Amtrak and/or the state paid for some minor sprucing up in the 1970s, reopening the front park entrance and moving the agents back to the original ticket offices. Conrail inherited Penn Central's ownership of the depot and Northern Region HQ offices, continuing the lease of passenger areas to Amtrak. A Feb. 1982 Det Free Press article states that Conrail occupied from the 1st to 5th floors. A Dec. 1982 article gives a combined work force of 400, all but a handful of which were Conrail. The station had several thousand workers at its peak.

An April 1985 article notes that Conrail was studying locations to relocate its staff, then numbering about 200. Conrail sold the depot in Dec. 1985 to Kaybee Corp, which had a scheme to turn it into the "Great Lakes World Trade Center." Kaybee did some minimal refurbishment. Probably at that time, the concrete block partitions were removed in the waiting room. Passengers continued only to wait in the concourse, though, as they had since the mid-'60s.

Conrail leased office space from Kaybee until moving in Oct. 1987 to its new offices in Dearborn. The steam heat was not turned on that fall, and Amtrak's agents relied on space heaters until closure on 1/5/88.

Amtrak, rightly or wrongly, was incapable of operating the station by itself. It depended on Conrail to shoulder most of the bills. Kaybee hoped for a UDAG grant, but ultimately didn't get it because it wasn't making enough progress on its own.

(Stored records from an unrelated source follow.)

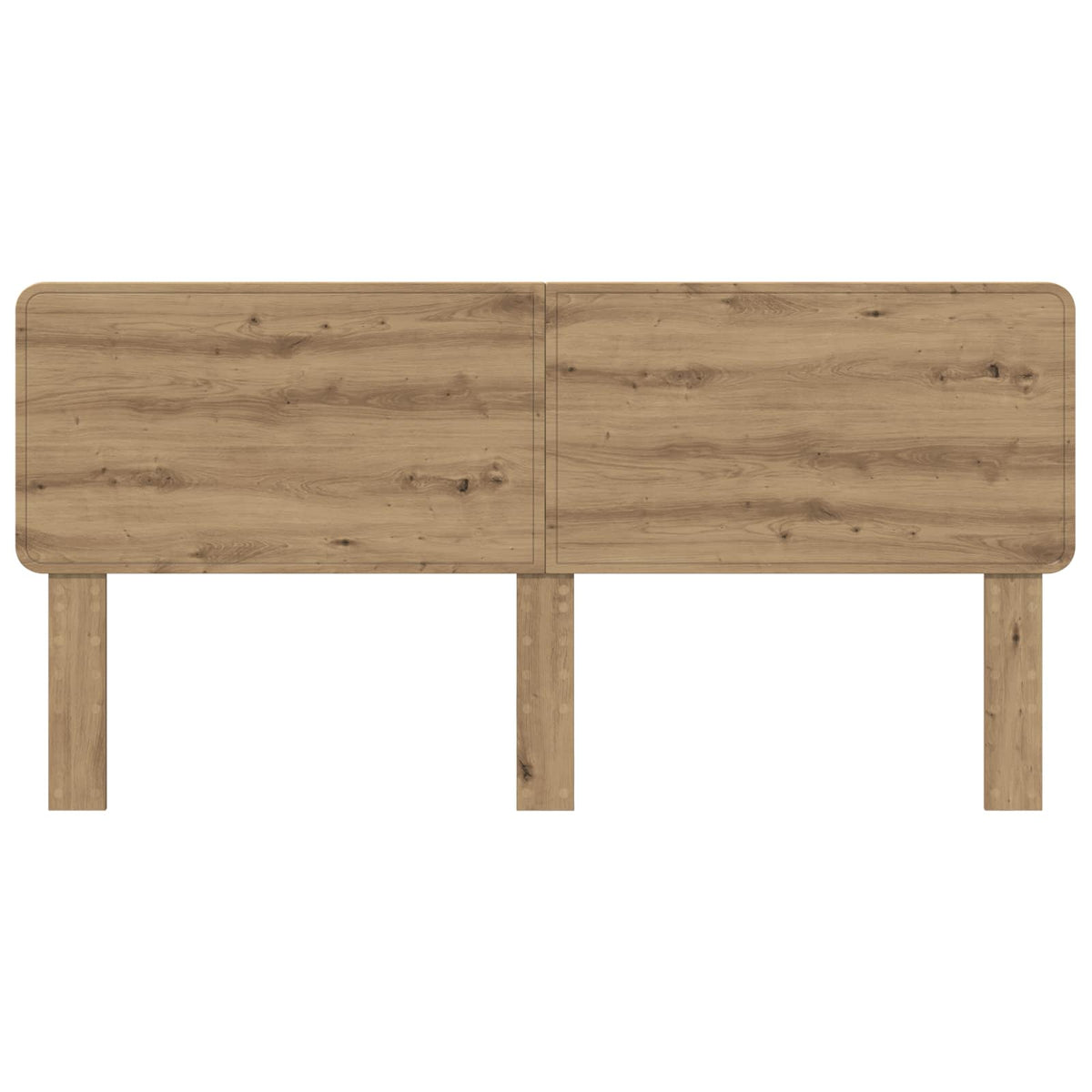 vidaXL Headboard Artisan Oak Engineered wood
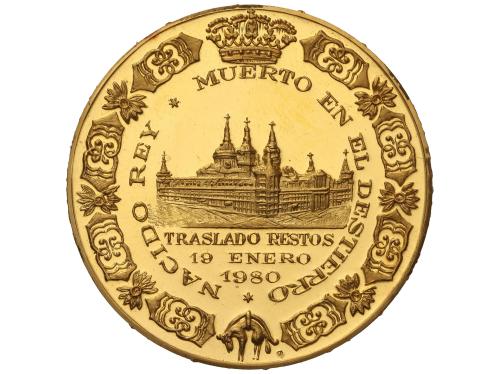 Lote 2 medallas Retorno a España de los restos mortales de A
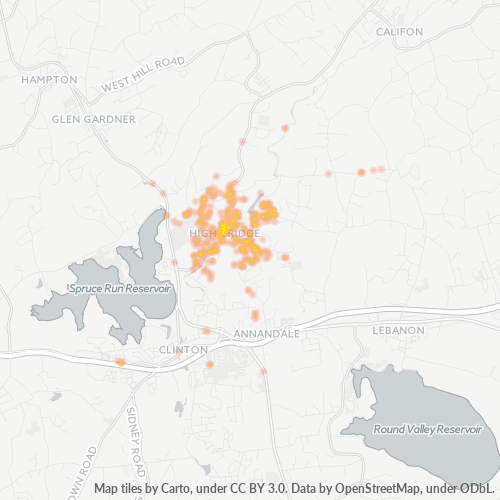 08829 Business Density Heatmap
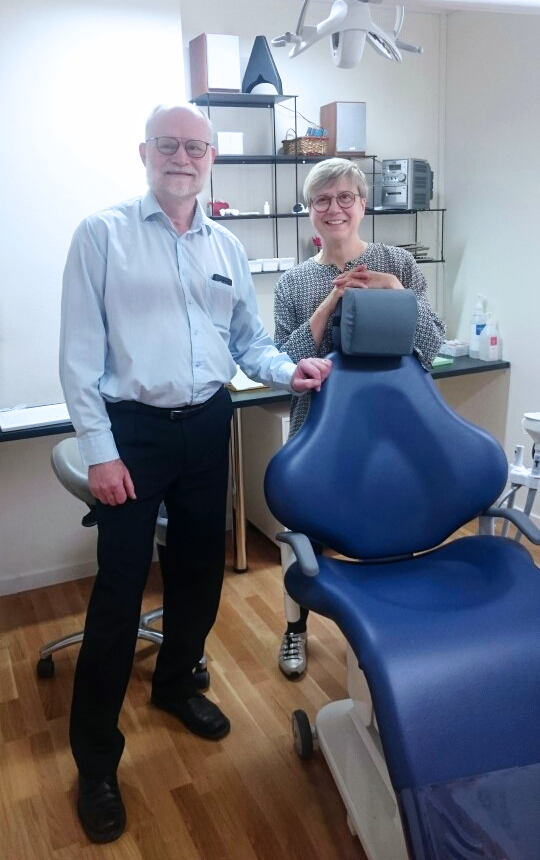 Anders och Marita Sundh på kliniken Stjärnan i Storrödningsberg, Västerbotten.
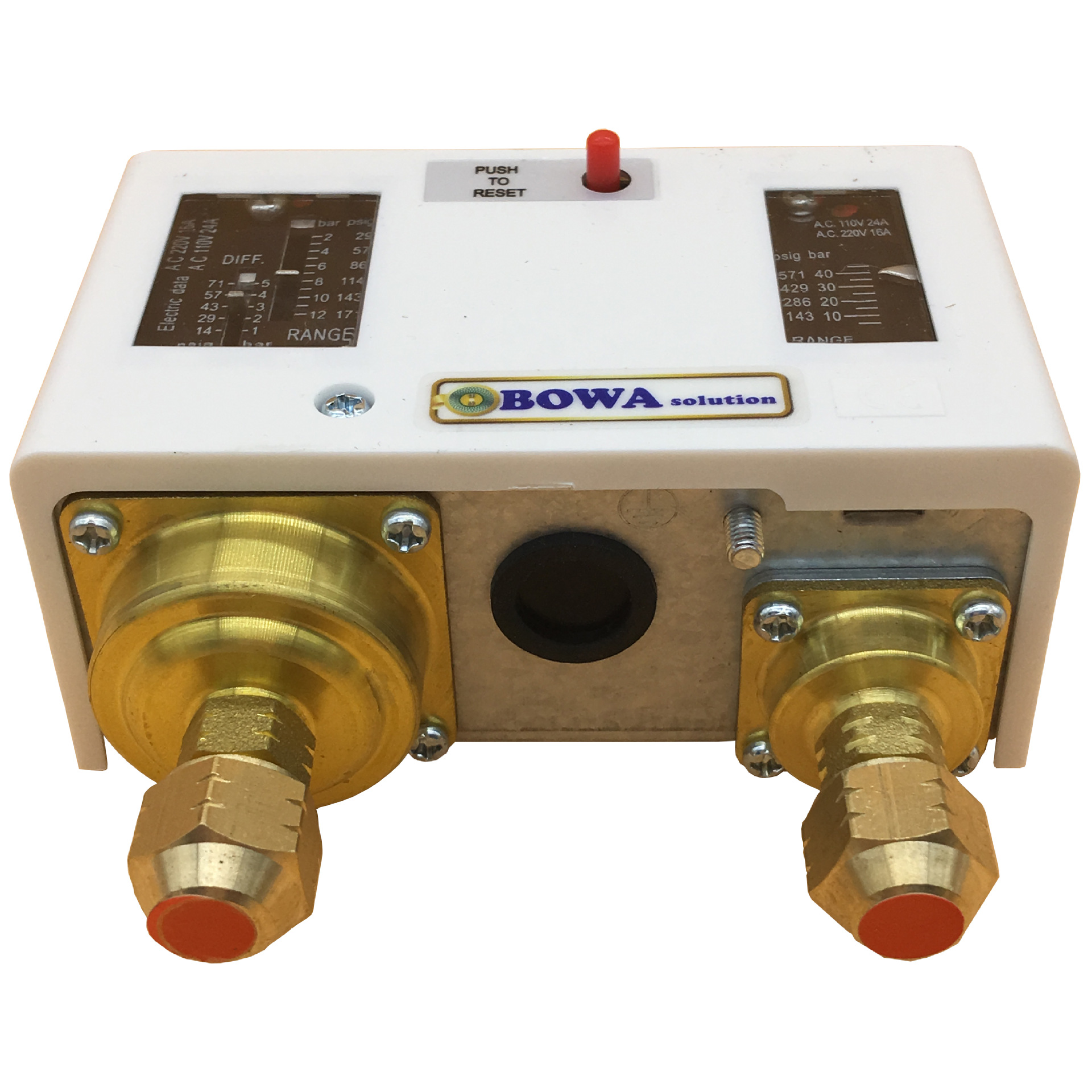 4.5MPa高压手动双压控用于R410A制冷空调机组,控制压缩比避免过载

The station then gradually went to hell, though a Nov. 1990 article notes that Mark Longton, who bought the depot from Kaybee in 1989, patrolled with his .45 and German shepherd, keeping the chandeliers protected for a bit.

SEMTA trains quit in Oct. 1983. Amtrak never operated them. Amtrak moved to the Pontiac route in May 1994.

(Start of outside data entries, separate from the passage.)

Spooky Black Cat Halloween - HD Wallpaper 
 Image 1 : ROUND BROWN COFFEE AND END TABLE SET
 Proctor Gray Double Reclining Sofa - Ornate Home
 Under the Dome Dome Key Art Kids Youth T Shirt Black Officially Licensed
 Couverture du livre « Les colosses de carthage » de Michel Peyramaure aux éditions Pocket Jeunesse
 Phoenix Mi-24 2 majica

It's also worth remembering that the MC Depot's location was dictated ONLY by the 1910-built tunnel approach and the need to eliminate backup moves. It was at best an afterthought, a wishful hope, by the MC that development would move in that direction from downtown.
  by gokeefe
 
So it would appear to be reasonable at this point to surmise that Ford's occupancy at MCS may in fact be the highest level of utilization the office tower has ever seen.

Absolutely AMAZING ...
  by mtuandrew
 
David Benton wrote: Fri Mar 27, 2020 9:32 pm This popped up on the BBC front page today, but may be older , apologies if posted before.
https://www.bbc.co.uk/news/extra/KnxBMV ... al_detroit
Published 11 July 2019, but still a good article. Thanks, Mr. Benton.
  by Pensyfan19
 
Any word on Michigan Central Station's progress with its rebuild? Isn't Amtrak considering using it for extending service from Detroit to Toronto, and any word on that?
  by Jeff Smith
 
from the above article:
...
When the final train left and the station closed its doors in 1988 the local newspaper - the Detroit Free Press - tried to put this sombre moment into a wider context. “The shutdown of Michigan Central,” it declared, “should be the occasion of serious reflection about what we once were; what we have lost; and what, given sufficient will, we could regain.”

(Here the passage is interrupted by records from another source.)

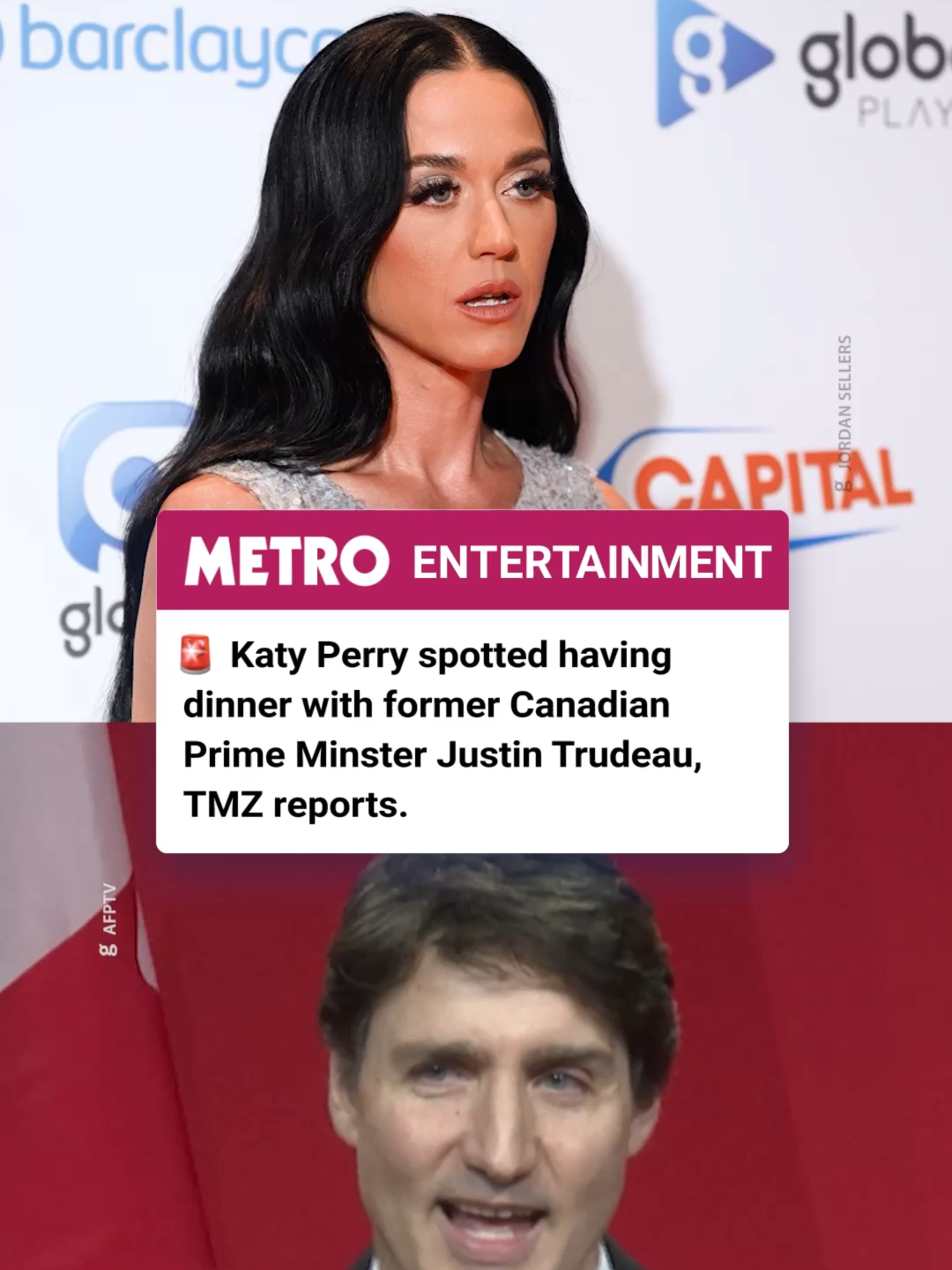 👀 @katyperry has been spotted  having dinner with former Canadian Prime Minster Justin Trudeau just weeks after split from actor Orlando Bloom according to TMZ. #katyperry #justintrudeau #orlandobloom #celebritynews #celebrity #musictok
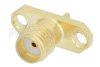 SMA Female Connector Solder Attachment 2 Hole Flange Mount Solder Cup Terminal, .481 inch Hole Spacing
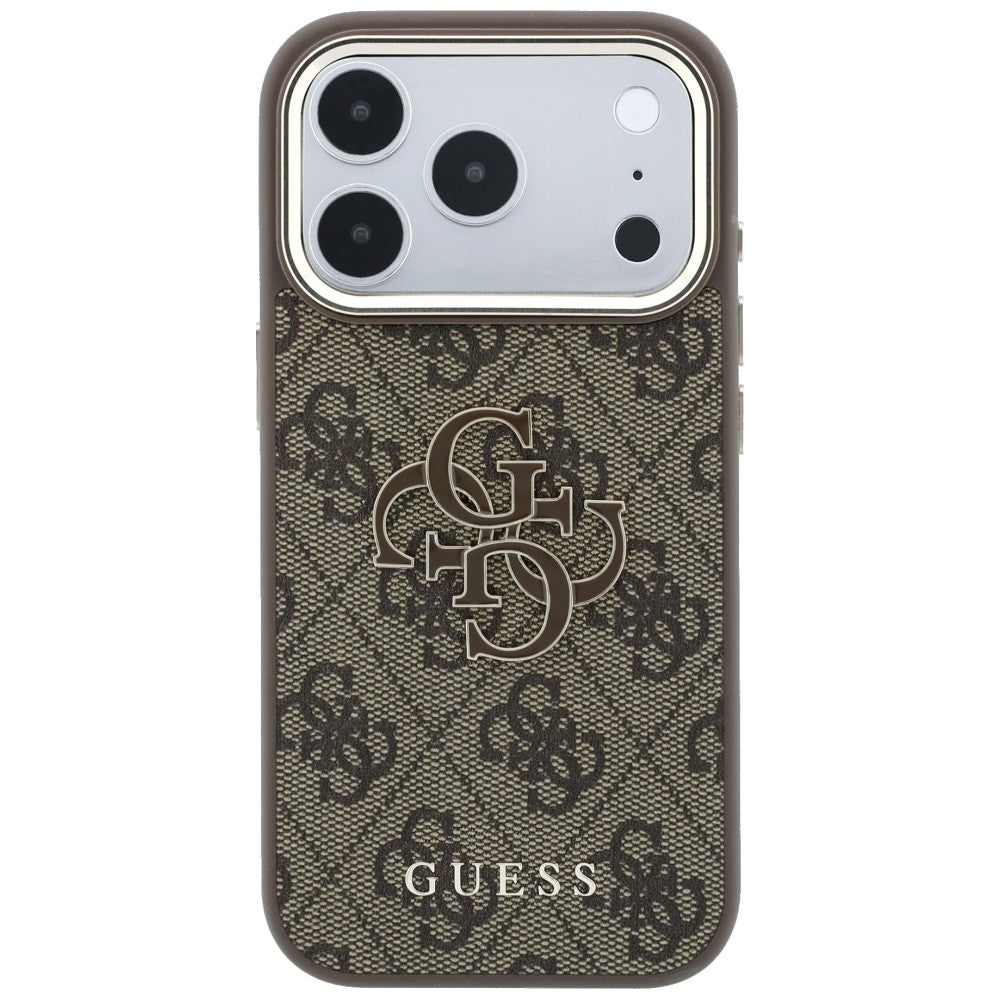 Guess 4G &amp; Big Resin Logo Case for iPhone 17 Pro / 18 Pro - Brown_2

So, might the trains ever come back to Michigan Central one day? Bill Ford does not rule this out completely.

“Right now, the tracks stop about a mile short of the station. But yes, I would love the trains to come back.

“Obviously,” he adds, “that's not within Ford's control but we're already starting to talk to some of the regional transportation people about just that. It's very early days, but I think it would be wonderful.”